== Your task ==
Every record must be copied exactly, except that pictures are dropped.

+-------+

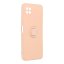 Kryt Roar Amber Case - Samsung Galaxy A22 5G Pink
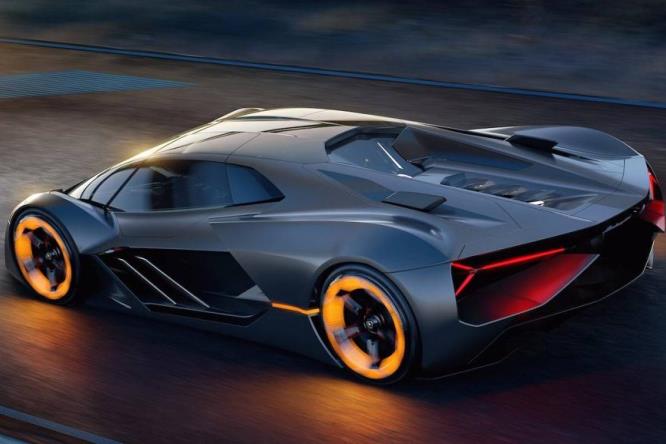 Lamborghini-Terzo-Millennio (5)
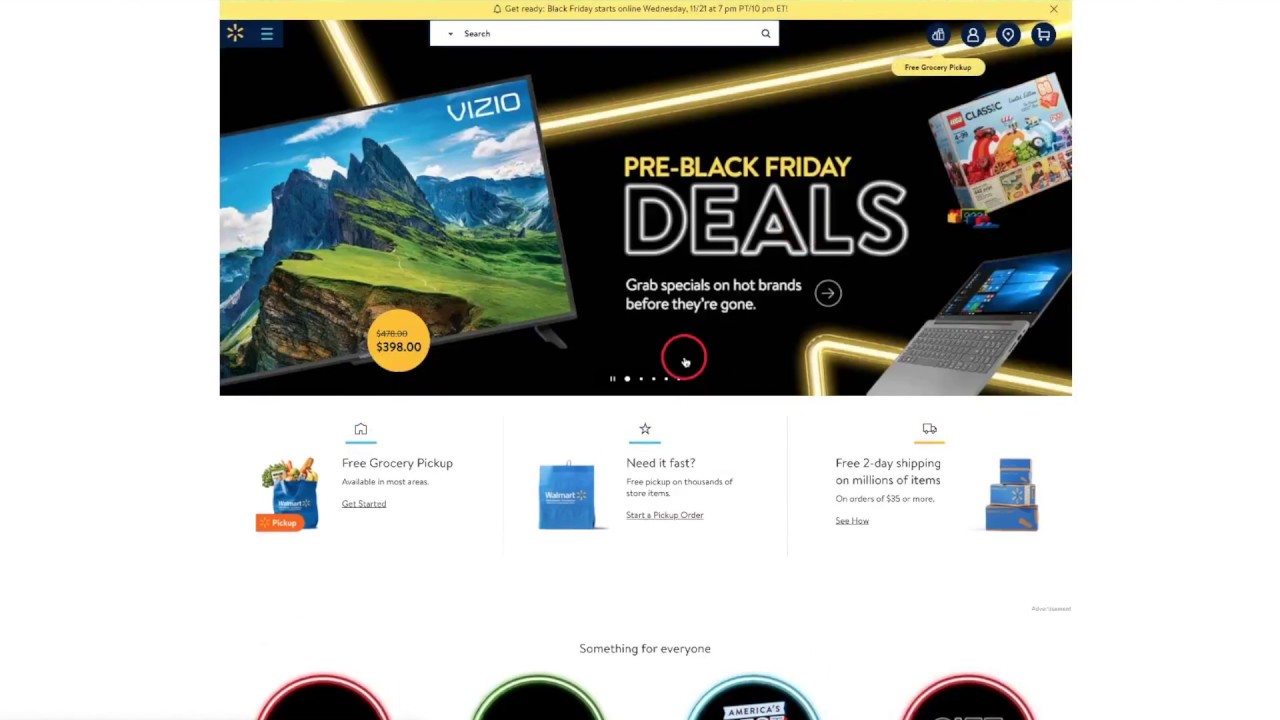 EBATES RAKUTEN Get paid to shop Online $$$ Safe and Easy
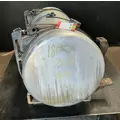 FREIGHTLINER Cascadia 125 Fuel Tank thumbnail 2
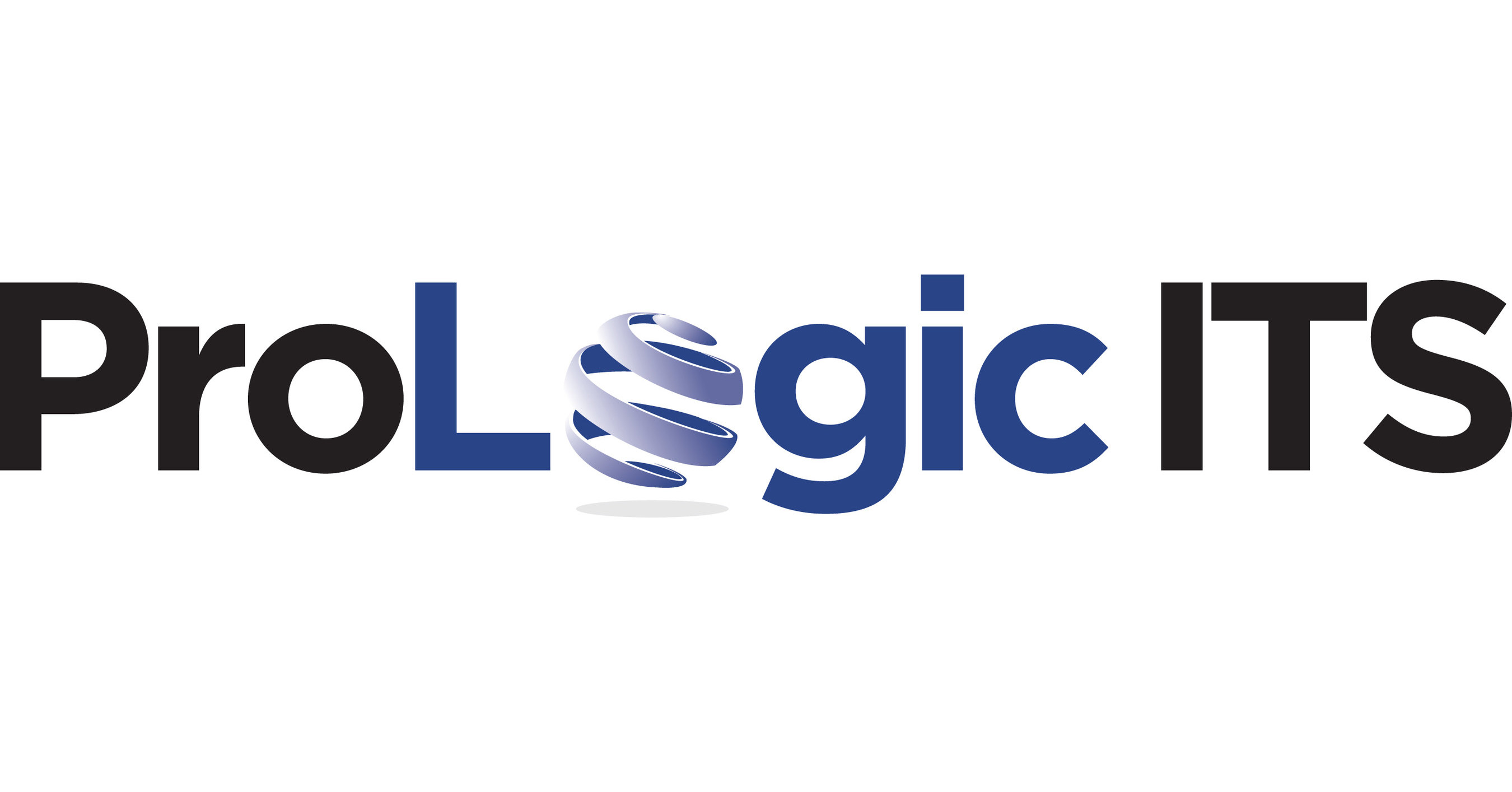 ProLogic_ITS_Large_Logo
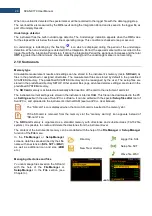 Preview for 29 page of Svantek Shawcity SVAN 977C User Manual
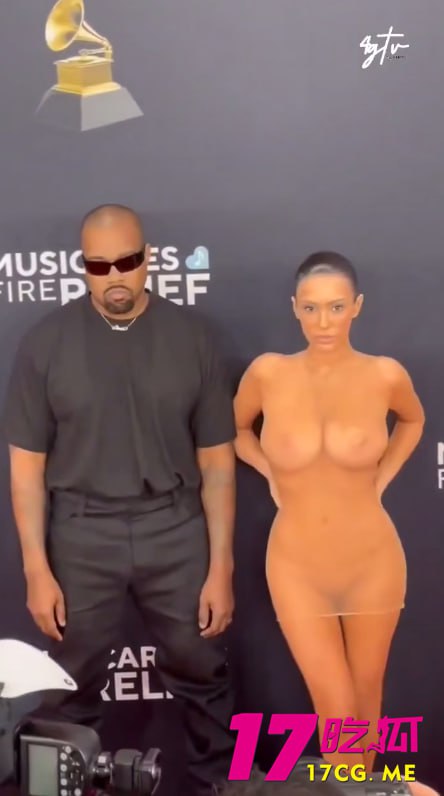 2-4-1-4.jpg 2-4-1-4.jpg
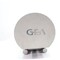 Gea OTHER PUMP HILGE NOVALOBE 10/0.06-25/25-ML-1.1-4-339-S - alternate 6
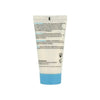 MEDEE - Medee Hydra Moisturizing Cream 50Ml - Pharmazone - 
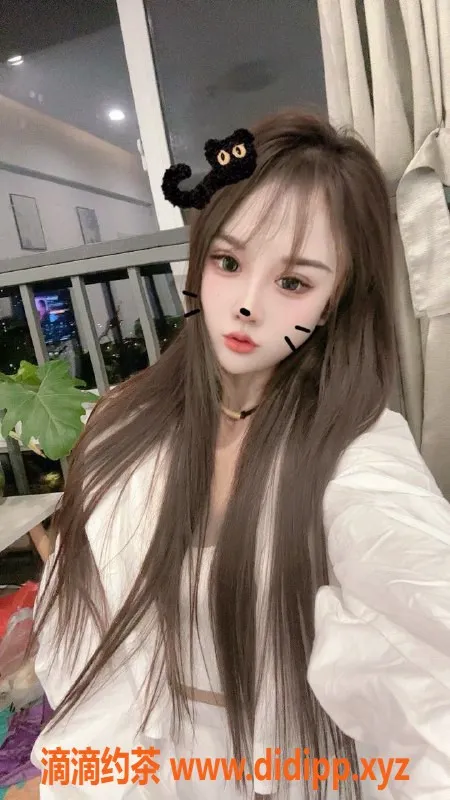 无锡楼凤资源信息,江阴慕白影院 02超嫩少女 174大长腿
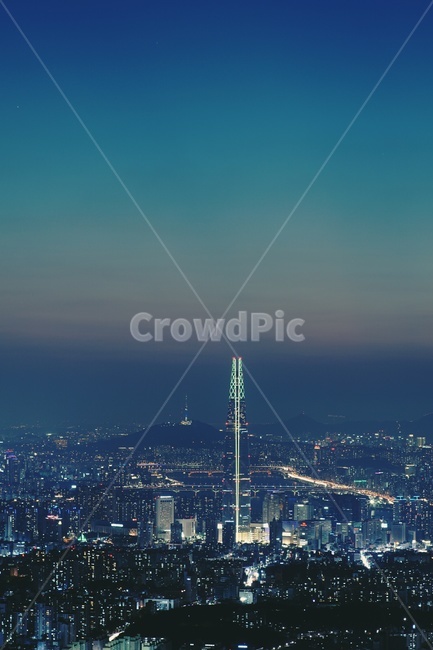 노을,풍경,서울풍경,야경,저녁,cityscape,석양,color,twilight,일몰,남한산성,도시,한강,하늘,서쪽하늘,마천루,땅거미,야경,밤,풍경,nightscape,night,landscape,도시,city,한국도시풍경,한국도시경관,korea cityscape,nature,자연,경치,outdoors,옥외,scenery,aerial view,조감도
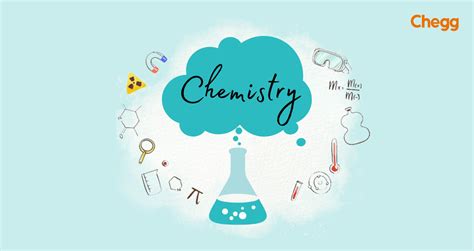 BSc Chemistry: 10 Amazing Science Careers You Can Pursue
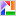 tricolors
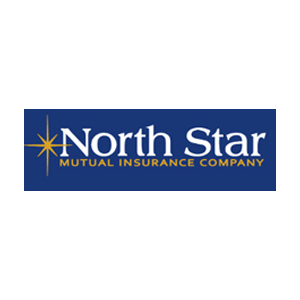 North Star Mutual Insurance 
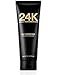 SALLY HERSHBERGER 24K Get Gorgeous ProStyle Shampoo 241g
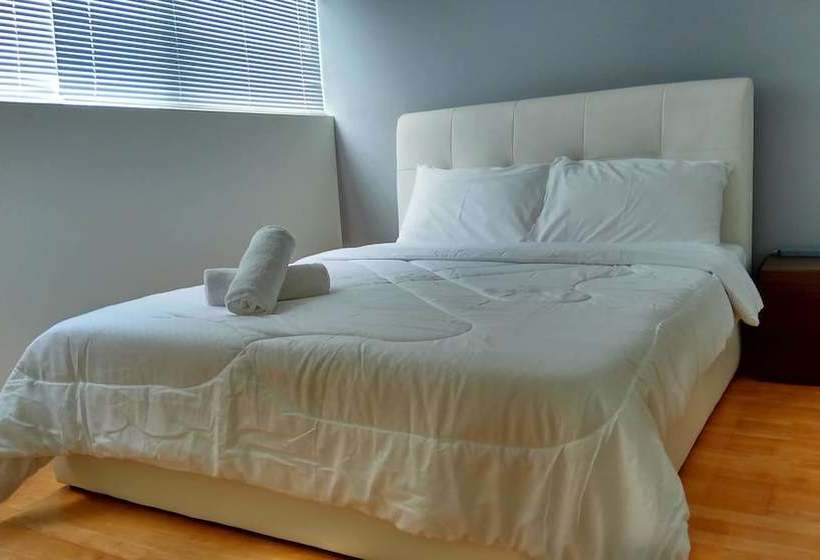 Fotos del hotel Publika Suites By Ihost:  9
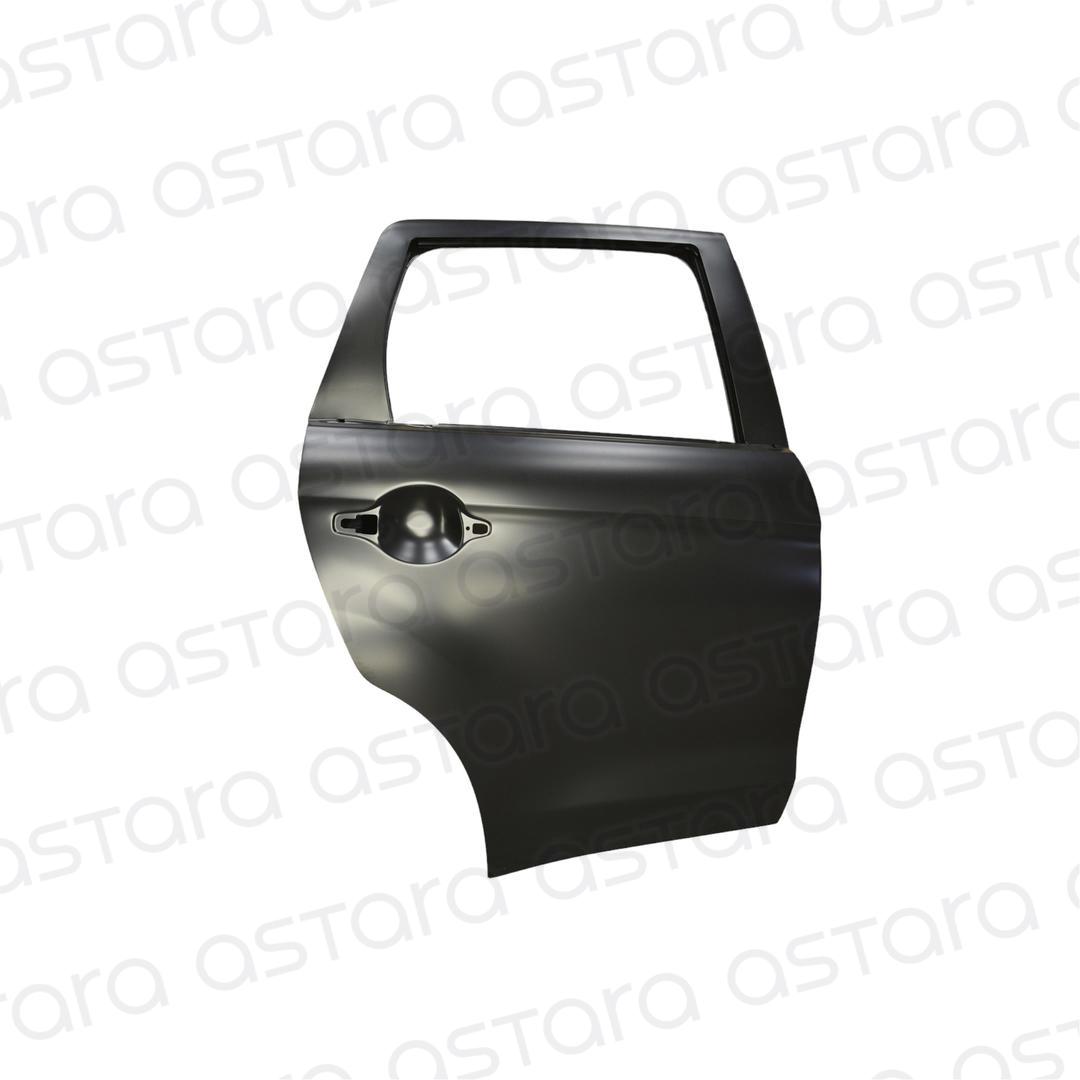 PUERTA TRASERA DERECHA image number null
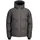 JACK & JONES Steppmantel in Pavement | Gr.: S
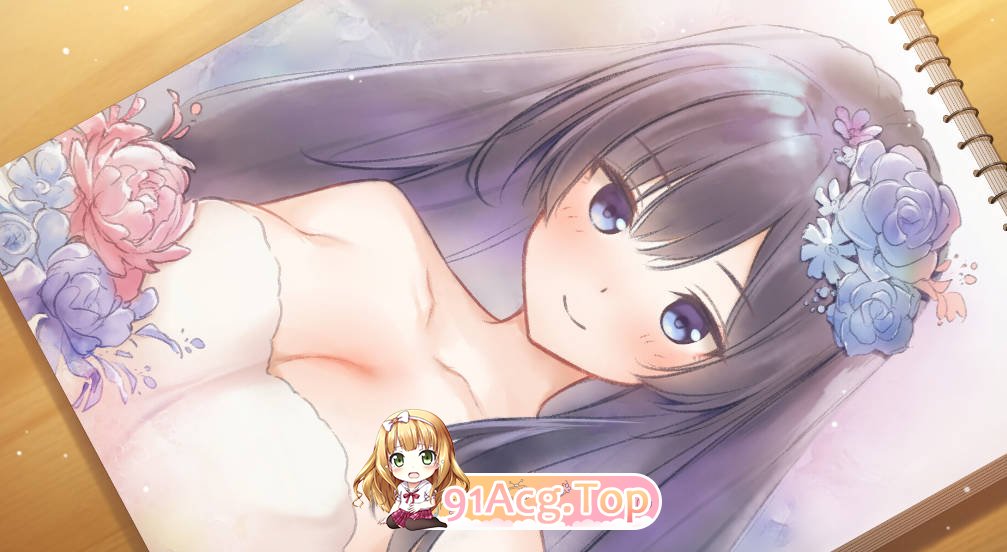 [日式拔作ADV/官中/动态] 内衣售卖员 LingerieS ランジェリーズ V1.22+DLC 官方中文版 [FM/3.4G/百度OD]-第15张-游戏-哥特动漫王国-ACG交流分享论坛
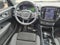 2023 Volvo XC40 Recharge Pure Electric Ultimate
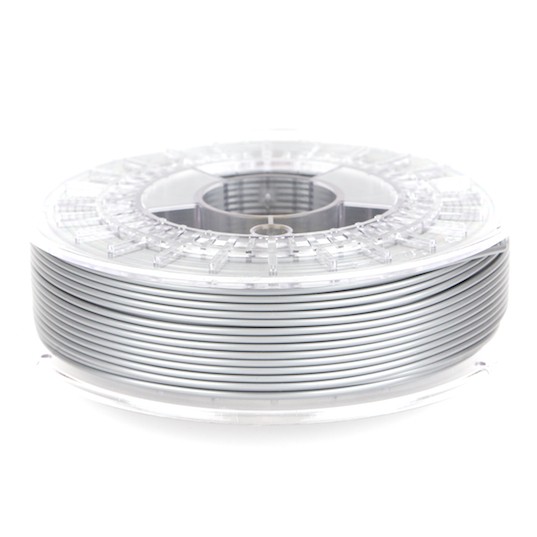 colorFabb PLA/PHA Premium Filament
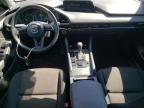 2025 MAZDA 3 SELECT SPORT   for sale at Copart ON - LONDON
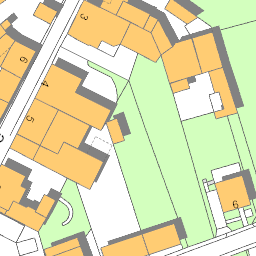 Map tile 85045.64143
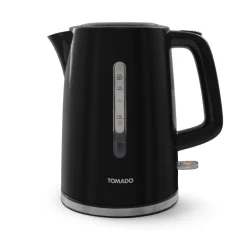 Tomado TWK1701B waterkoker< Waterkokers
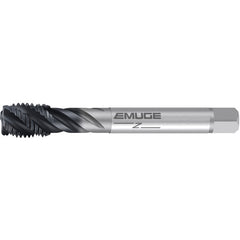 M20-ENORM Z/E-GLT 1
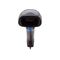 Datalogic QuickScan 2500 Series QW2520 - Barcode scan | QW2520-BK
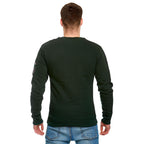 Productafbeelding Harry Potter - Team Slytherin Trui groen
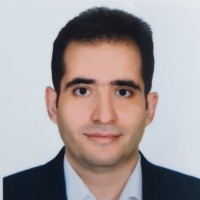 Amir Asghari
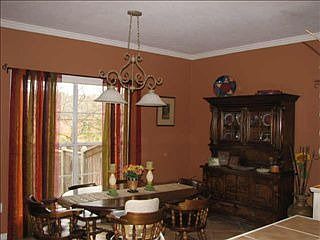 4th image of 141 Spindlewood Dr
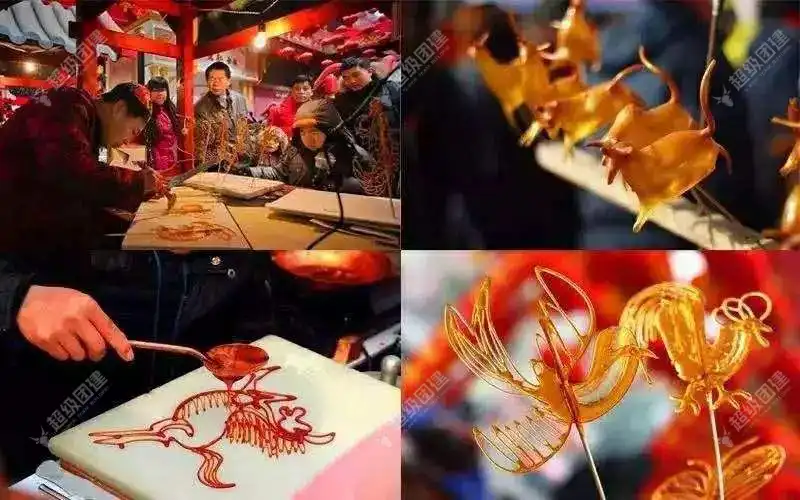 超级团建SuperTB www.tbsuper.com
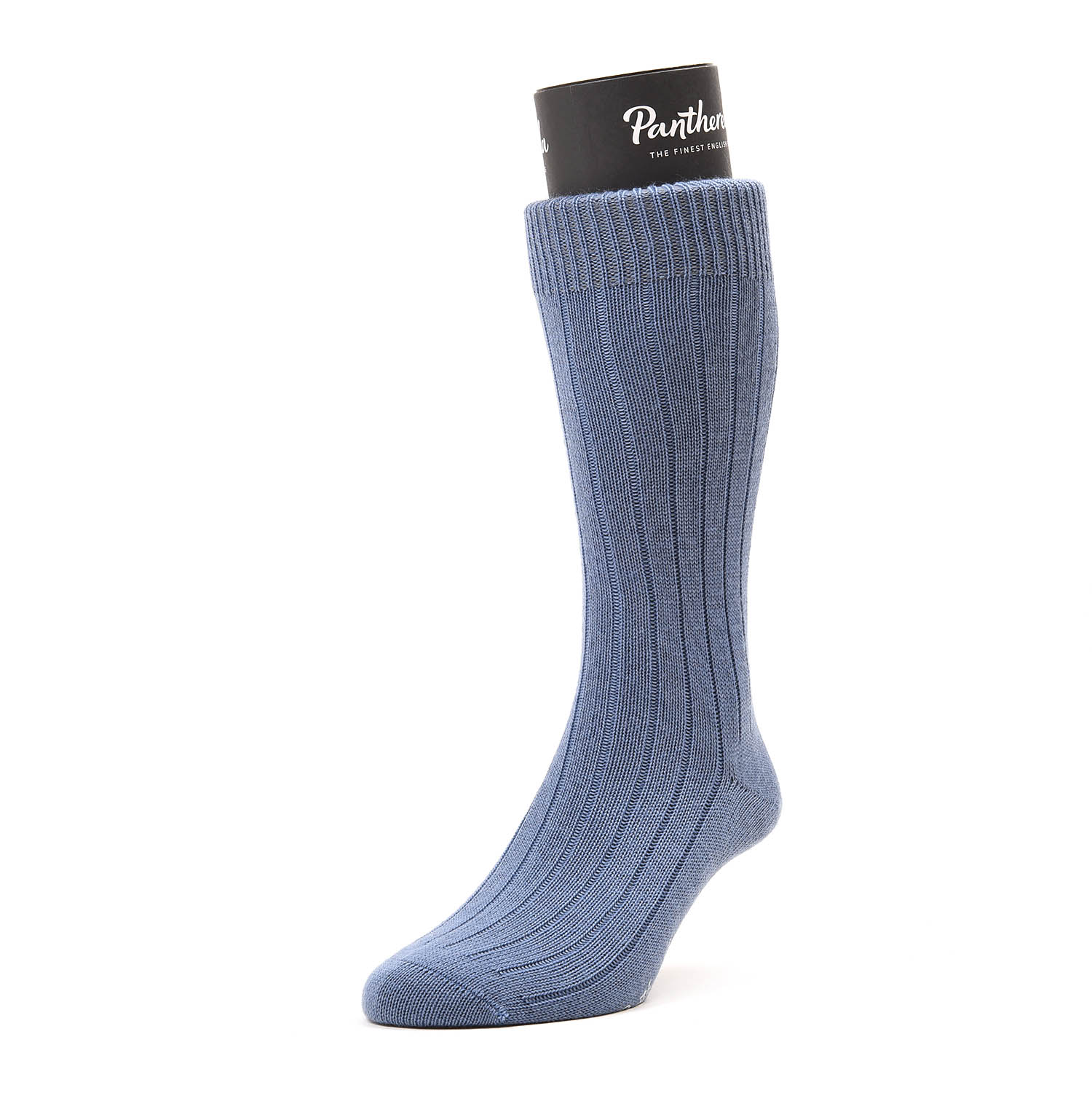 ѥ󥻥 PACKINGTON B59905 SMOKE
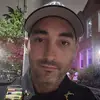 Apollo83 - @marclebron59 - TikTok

+-------+

== Response area ==
 Kryt Roar Amber Case - Samsung Galaxy A22 5G Pink
 Lamborghini-Terzo-Millennio (5)
 EBATES RAKUTEN Get paid to shop Online $$$ Safe and Easy
 FREIGHTLINER Cascadia 125 Fuel Tank thumbnail 2
 ProLogic_ITS_Large_Logo
 Preview for 29 page of Svantek Shawcity SVAN 977C User Manual
 2-4-1-4.jpg 2-4-1-4.jpg
 Gea OTHER PUMP HILGE NOVALOBE 10/0.06-25/25-ML-1.1-4-339-S - alternate 6
 MEDEE - Medee Hydra Moisturizing Cream 50Ml - Pharmazone - 
 无锡楼凤资源信息,江阴慕白影院 02超嫩少女 174大长腿
 노을,풍경,서울풍경,야경,저녁,cityscape,석양,color,twilight,일몰,남한산성,도시,한강,하늘,서쪽하늘,마천루,땅거미,야경,밤,풍경,nightscape,night,landscape,도시,city,한국도시풍경,한국도시경관,korea cityscape,nature,자연,경치,outdoors,옥외,scenery,aerial view,조감도
 BSc Chemistry: 10 Amazing Science Careers You Can Pursue
 tricolors
 North Star Mutual Insurance 
 SALLY HERSHBERGER 24K Get Gorgeous ProStyle Shampoo 241g
 Fotos del hotel Publika Suites By Ihost:  9
 PUERTA TRASERA DERECHA image number null
 JACK & JONES Steppmantel in Pavement | Gr.: S
 [日式拔作ADV/官中/动态] 内衣售卖员 LingerieS ランジェリーズ V1.22+DLC 官方中文版 [FM/3.4G/百度OD]-第15张-游戏-哥特动漫王国-ACG交流分享论坛
 2023 Volvo XC40 Recharge Pure Electric Ultimate
 colorFabb PLA/PHA Premium Filament
 2025 MAZDA 3 SELECT SPORT   for sale at Copart ON - LONDON
 Map tile 85045.64143
 Tomado TWK1701B waterkoker< Waterkokers
 M20-ENORM Z/E-GLT 1
 Datalogic QuickScan 2500 Series QW2520 - Barcode scan | QW2520-BK
 Productafbeelding Harry Potter - Team Slytherin Trui groen
 Amir Asghari
 4th image of 141 Spindlewood Dr
 超级团建SuperTB www.tbsuper.com
 ѥ󥻥 PACKINGTON B59905 SMOKE
 Apollo83 - @marclebron59 - TikTok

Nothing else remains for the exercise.